ASSIGNED TASK: Copy the records below, from the line containing "Porter Cue Shoulder Bag 요시다 포터 숄더백" through the last line; leave out pictures.

Records drawn from a dataset

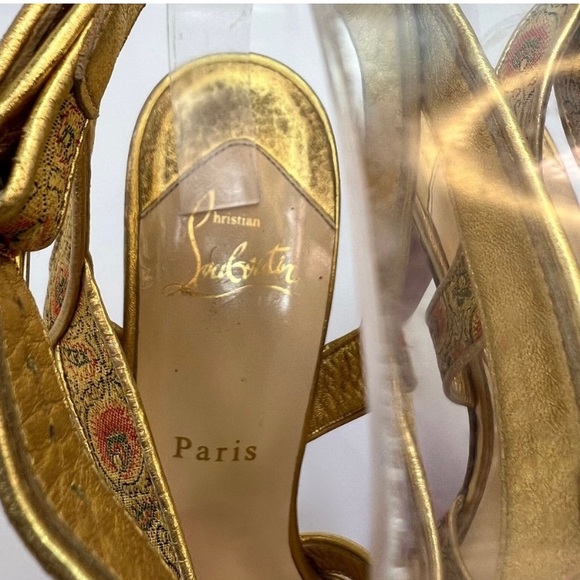 Christian Louboutin Gold Brocade Fabric
Sandals 39.5 - Picture 4 of 7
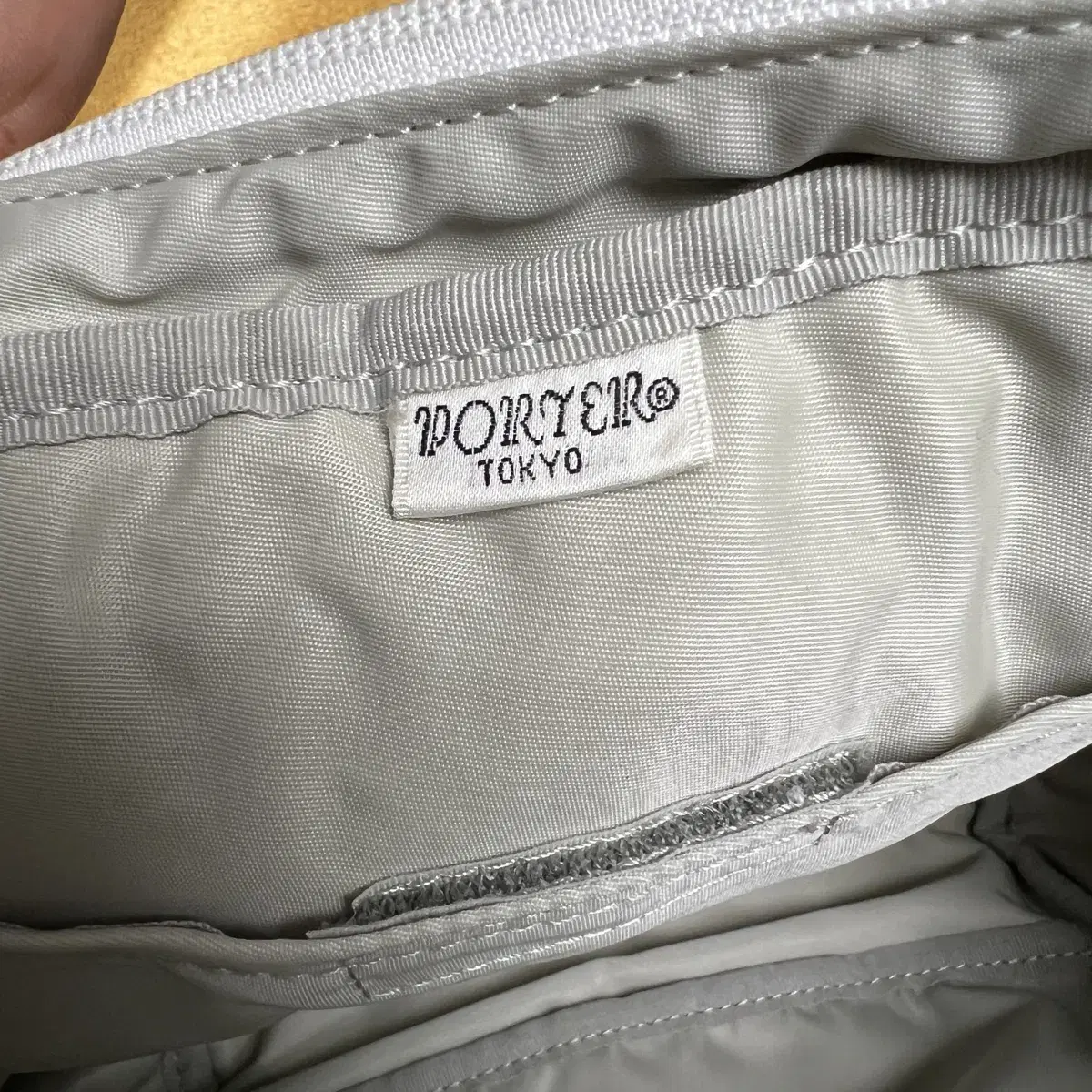 Porter Cue Shoulder Bag 요시다 포터 숄더백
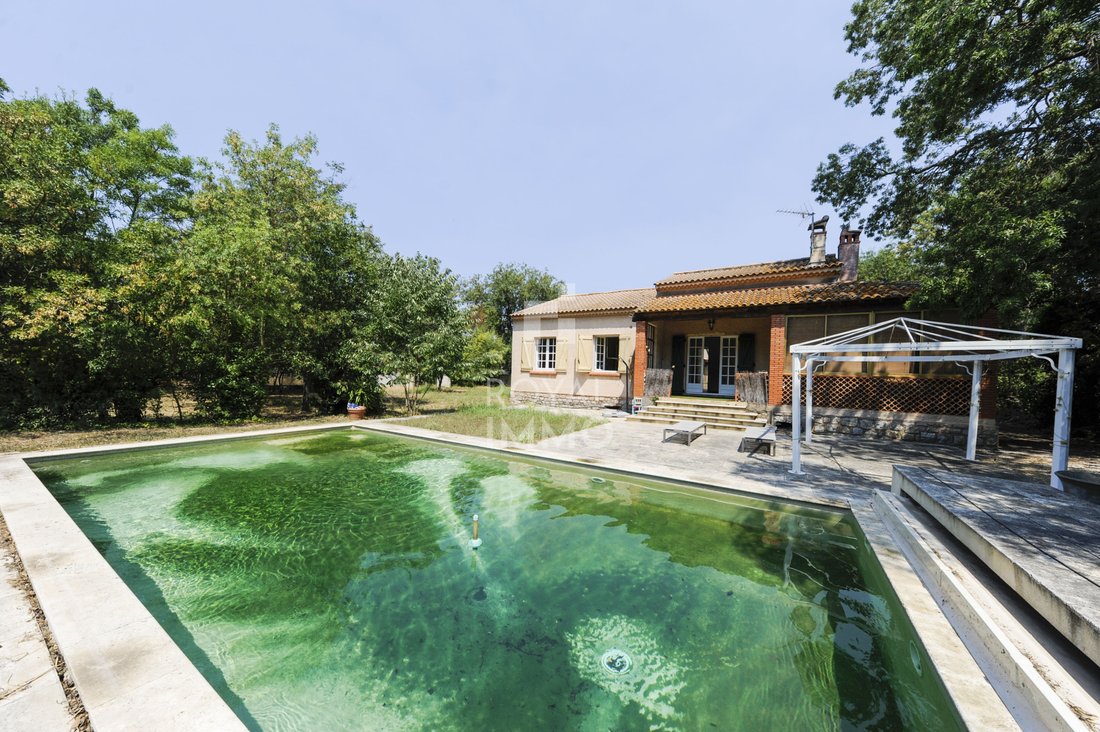 Villa in La Garde, Provence-Alpes-Côte d'Azur, France 1 - 17744791
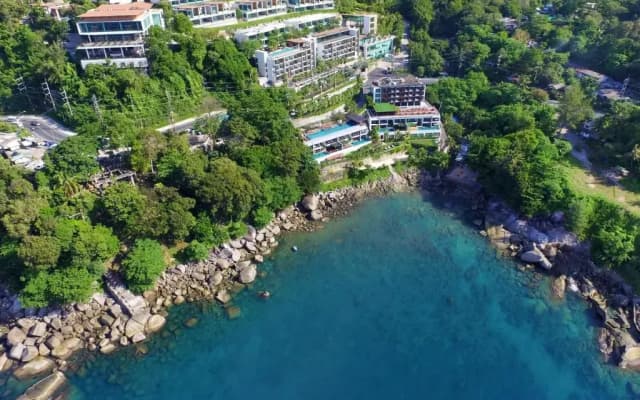 Отель Zenmaya Oceanfront Phuket, Trademark Collection by Wyndham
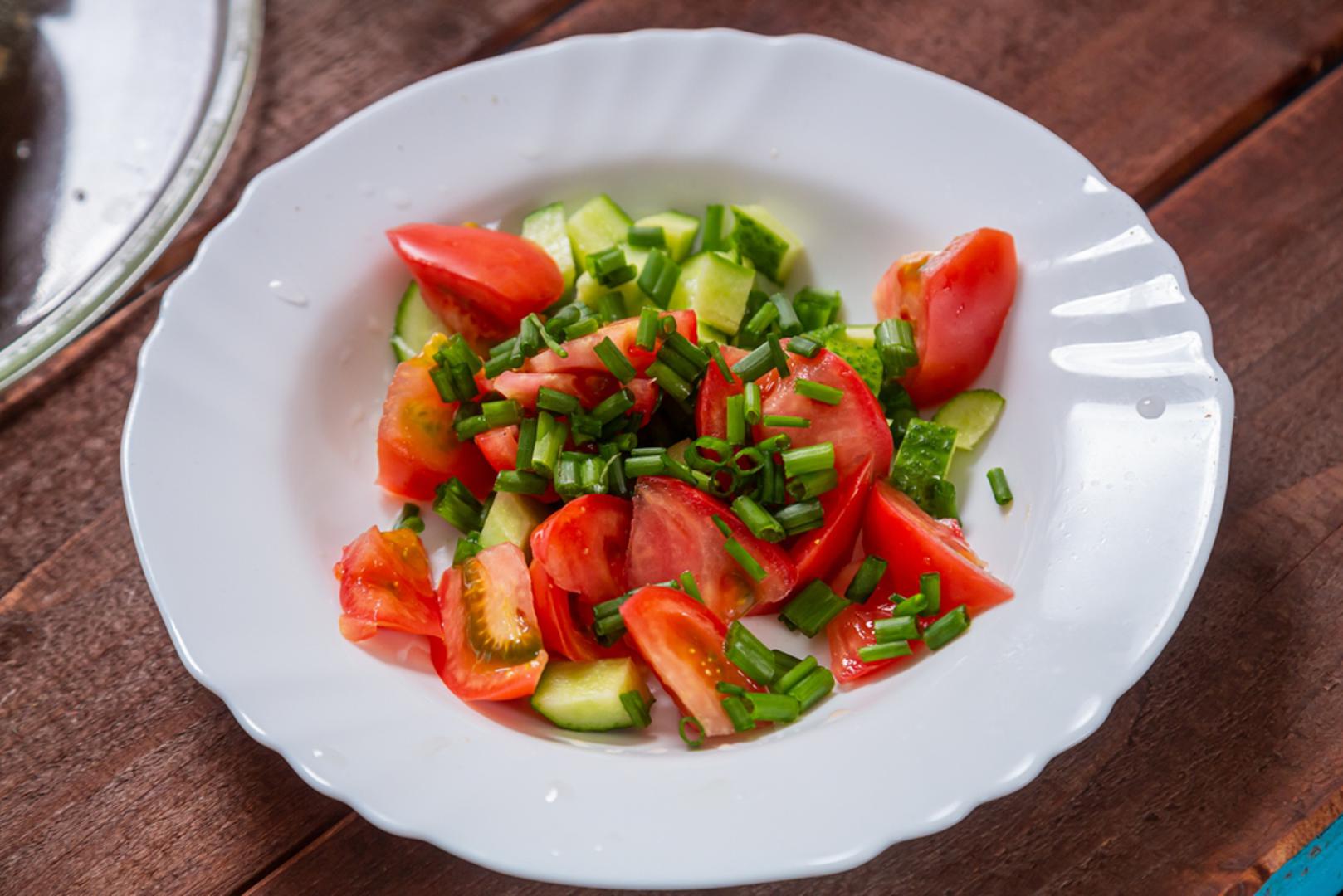 Salata od rajčice, luka i krastavaca: Gotovo da nije bilo ljetnog ručka bez velike zdjele salate od rajčice, luka i krastavaca. Povrće se rezalo na krupnije komade, začinilo solju, uljem i octom, a na dnu zdjele ostajao je sok u koji se umakao kruh. Ta jednostavna salata često je bila jednako važna kao i glavno jelo.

REPLY TO THE TASK:
 Porter Cue Shoulder Bag 요시다 포터 숄더백
 Villa in La Garde, Provence-Alpes-Côte d'Azur, France 1 - 17744791
 Отель Zenmaya Oceanfront Phuket, Trademark Collection by Wyndham
 Salata od rajčice, luka i krastavaca: Gotovo da nije bilo ljetnog ručka bez velike zdjele salate od rajčice, luka i krastavaca. Povrće se rezalo na krupnije komade, začinilo solju, uljem i octom, a na dnu zdjele ostajao je sok u koji se umakao kruh. Ta jednostavna salata često je bila jednako važna kao i glavno jelo.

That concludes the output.